Though I love Yakishime pottery, which is a pottery without glaze, I have never been to the sacred place Bizen, Okayama until now. I was visiting Bizen for Bizen pottery festival in October 2022.
There in Bizen, there were so many individual artists making Yakishime-wares, and I found that many of them look a like. I liked them in general, but I was looking for something special with Yakishime technique. Toward the middle of the festival, I found Ichiro Mori. I just loved his pieces on the first sight.
The next day after the festival, I visited his studio. He explained how he became a potter and the way he makes pottery. Though his grandfather and father are potters, he went to an art school for sculptures, had been making sculptures until the age of 32 when he finally started making pottery. Even then, he didn’t take pottery class nor went to apprenticeship under masters. Most potters in Japan go to school to learn pottery or learn pottery as an apprenticeship. He tried to figure out on his own and sometimes watched YouTube for techniques.
He told me he tries to make daily use wares which also has a sense of art. He thinks the art should be a part of daily life and wishes his pieces would be that for his customers.

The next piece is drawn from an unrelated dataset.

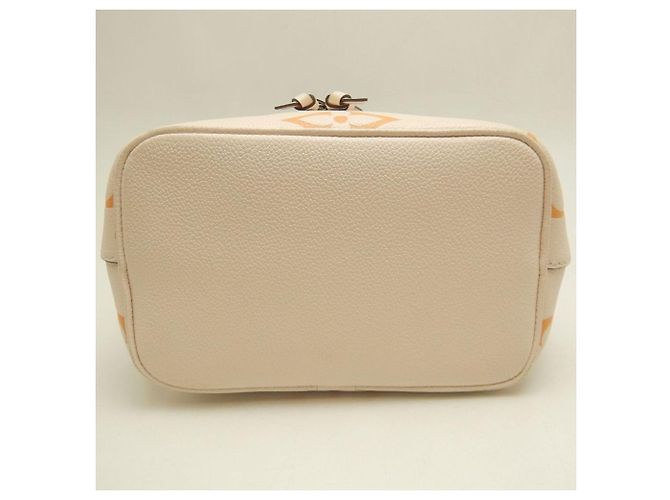 Néonoé Borsa a Spalla Louis Vuitton Monogram Empreinte NeoNoe BB D'oro Crudo - vista 7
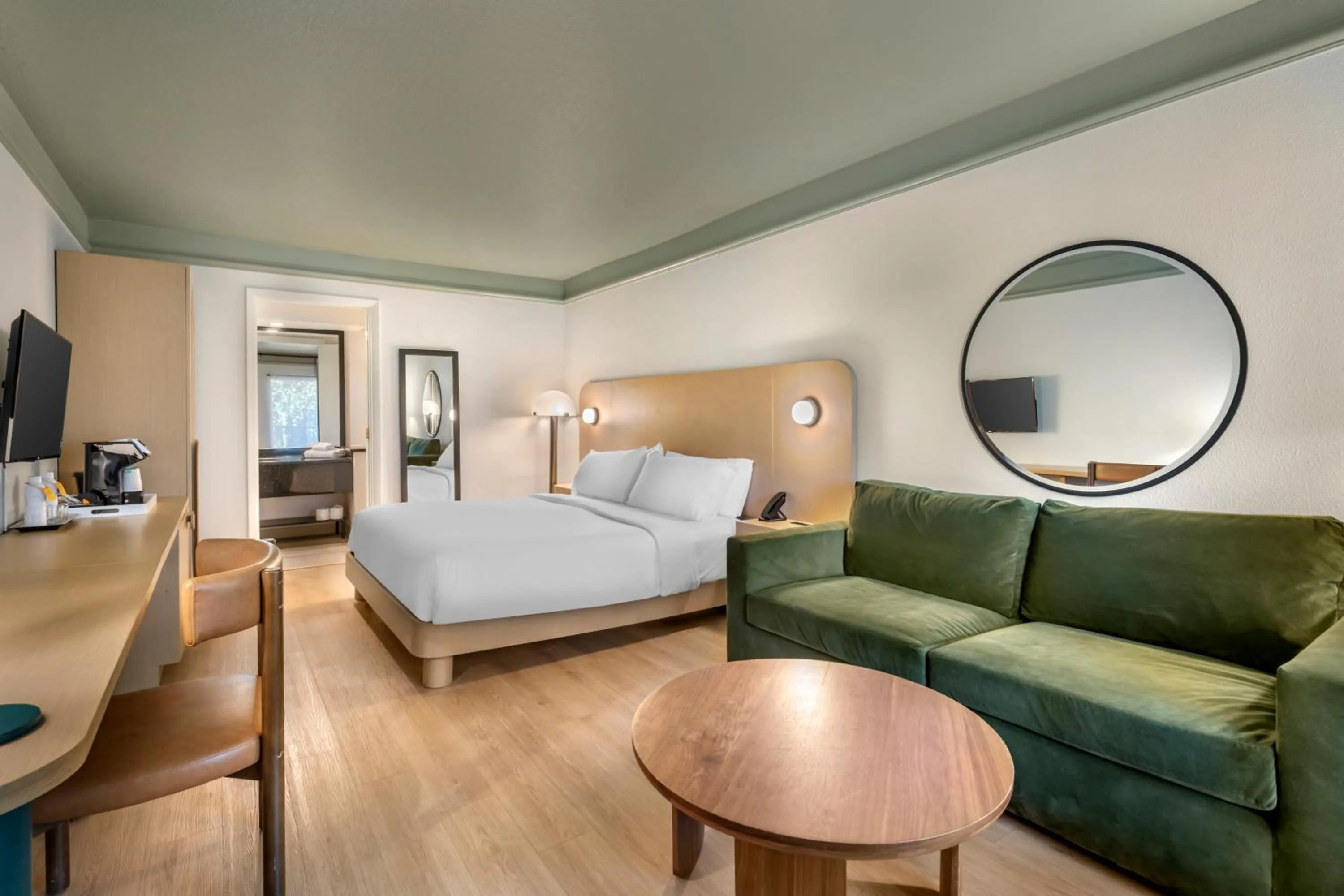 Bed in voco Kissimmee Orlando by IHG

The firing takes place only twice a year in wood fired kilns, one anagama and one noborigama, he experiments different kind of clays and different methods of firing. One firing lasts about 10 days, about the same as traditional Bizen-wares. He said this firing process attracts him the most that each time is a different experience and pieces turn out differently both good and bad. Depending on where he places a piece inside kiln, outcome is different as temperature and the amount of fallen ashes are different in each areas.
At the end, I thanked him for the explanation and his time, and I personally purchased a plate for Sushi. I look forward to visiting him and Bizen in the future.